In their Pastoral Letter on Stewardship, a Disciple’s Response, the U.S. bishops state:
The Christian steward is one who receives God’s gifts gratefully, cherishes and tends them in a responsible and accountable manner, shares them in justice and love with others, and returns them with increase to the Lord.
Stewardship involves all of life
While pastors and others usually only speak of stewardship in terms of Time, Talent and Treasure, the truth is that stewardship involves all of life – body, mind and spirit, our material possessions, friendships, etc. All we are and have is a gift from our Creator for us to use wisely to build up God’s kingdom here on earth.
Time is a very precious gift. Most of us feel we don’t have enough time for all the things we want to do. Everyone is given the same amount of time: 24 hours each day, 168 hours each week. The question is: How do we choose to use our time? Henry David Thoreau once said:
“It is not enough to be busy, so are ants.

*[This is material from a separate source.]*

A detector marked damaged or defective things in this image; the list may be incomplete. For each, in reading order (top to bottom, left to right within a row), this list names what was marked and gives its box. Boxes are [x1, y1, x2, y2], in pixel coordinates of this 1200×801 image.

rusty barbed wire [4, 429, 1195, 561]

The question is what are we busy about?”
All of us have been blessed with various talents, whether we are aware of it or not, or whether we have developed our talents or not. Of course, it is usually not possible to develop all of our talents. But, ideally, we can and should develop some of them and use them wisely to bless the communities we belong to.

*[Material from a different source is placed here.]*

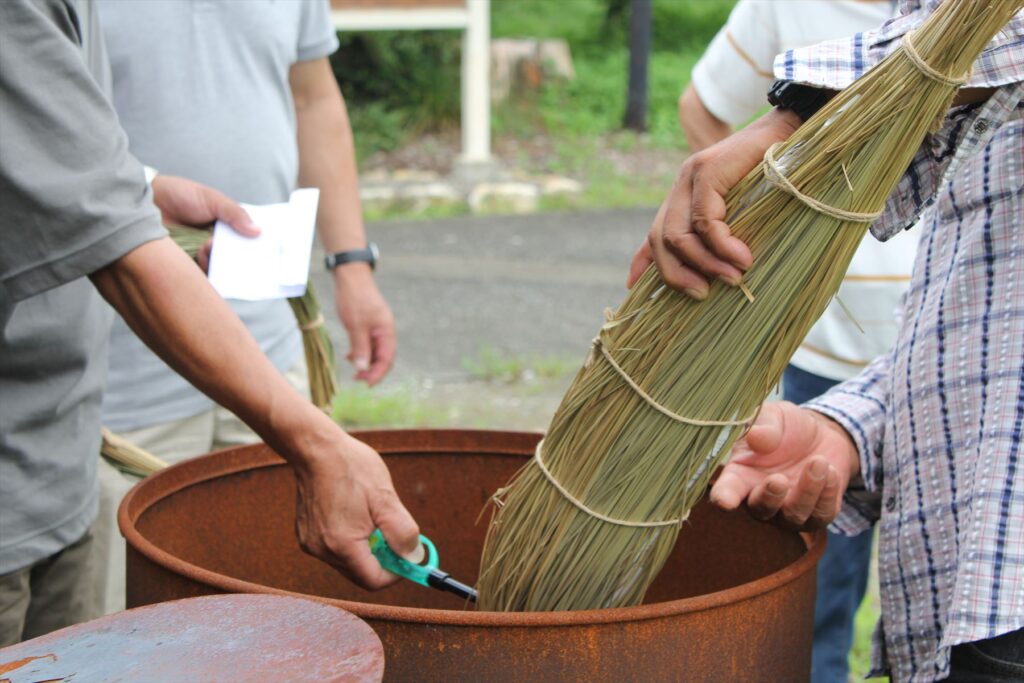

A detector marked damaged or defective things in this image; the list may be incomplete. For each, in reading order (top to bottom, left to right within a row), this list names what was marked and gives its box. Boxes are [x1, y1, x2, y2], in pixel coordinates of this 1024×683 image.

To find out ways you can share your Time and Talent with your church family, contact our Volunteer Coordinator, Monica Sutton at: firstname.lastname@example.org.
There are over 2,300 verses in the Bible about money, possessions and the right use of them. Why is this? Perhaps because God knows our propensity to misuse money or allow it to distract us from keeping our eyes on him.
Tithing. When it comes to financial support of our church family, the biblical ideal is a tithe—or 10%—of one’s income. Our Catholic Church leaders suggest giving 5% to church and 5% to charity. Most Catholics who tithe reach this ideal gradually. In this area of stewardship, one of the most important steps to consider is to become an ‘intentional giver’—as opposed to a ‘loose change giver.’ An intentional giver is one who has the willing diligence to ‘do the math,’ that is, to look at his/her annual income and then prayerfully and intentionally decide what percentage should be set aside for the support of the church and for charity.
Five reasons to be serious and generous with our financial resources
Parish tithe. Our parish seeks to practice what we preach in this area of the Gospel. This past fiscal year, we gave $117,000 from our offertory collections to charities in our local area and abroad.
Generous and loving God,
You call us to be disciples of your Son Jesus
and good stewards of your many gifts.
Open our minds and hearts to a greater awareness
and deeper appreciation of your countless blessings.
Transform us through the power of your Spirit
to nurture a stewardship way of life
marked by faith-filled prayer,
service to our neighbor, and generous sharing.
Teach us to be faithful servants of your gifts.
With Mary’s help, may we return ten-fold
the gifts entrusted to us.
We pray thorough Christ our Lord. Amen.
-Bishop Robert Morneau
Parish Finance Committee
Our Finance Committee meets on a regular basis to oversee our annual budget and to help us to be good stewards of parishioners’ donations to the parish.